DATA SEGMENT below:

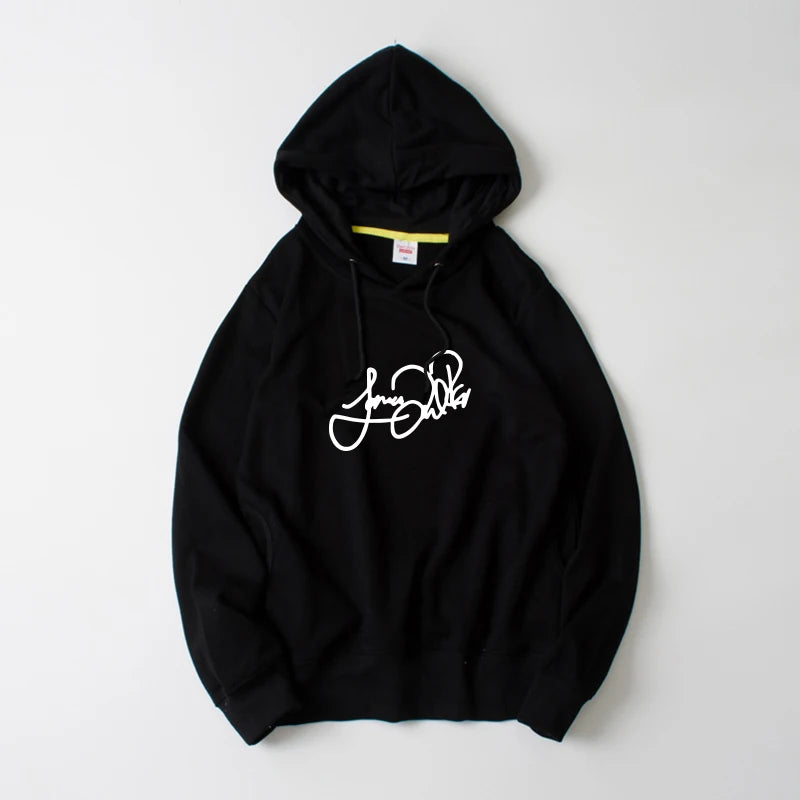 Lana Del Rey Signature Hoodie Sweatshirt Harajuku Style Oversized Cotton Polyester Print Casual Unisex Autumn Fashion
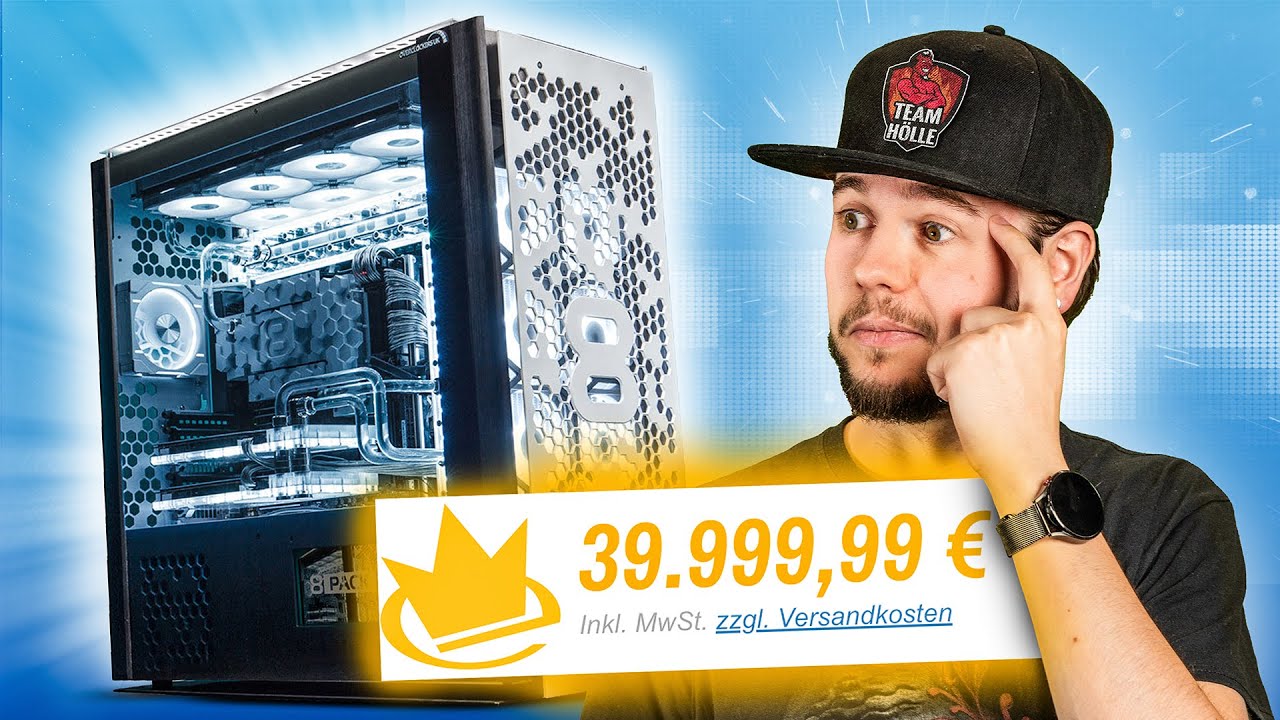 PC des Monats April 23: Der Crystal Phantom Gaming PC - SI:CK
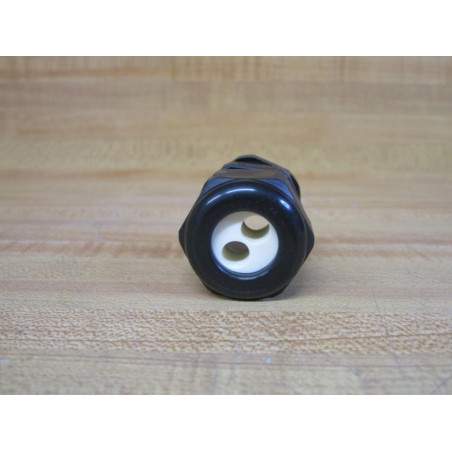Hummel CD16N6-BK-N-O Strain Relief Fitting CD16N6BKNO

End of DATA SEGMENT.

**THE TASK:** The listing above is to be retyped exactly, with all pictures left out.

**OUTPUT FOR THIS TASK:**
 Lana Del Rey Signature Hoodie Sweatshirt Harajuku Style Oversized Cotton Polyester Print Casual Unisex Autumn Fashion
 PC des Monats April 23: Der Crystal Phantom Gaming PC - SI:CK
Hummel CD16N6-BK-N-O Strain Relief Fitting CD16N6BKNO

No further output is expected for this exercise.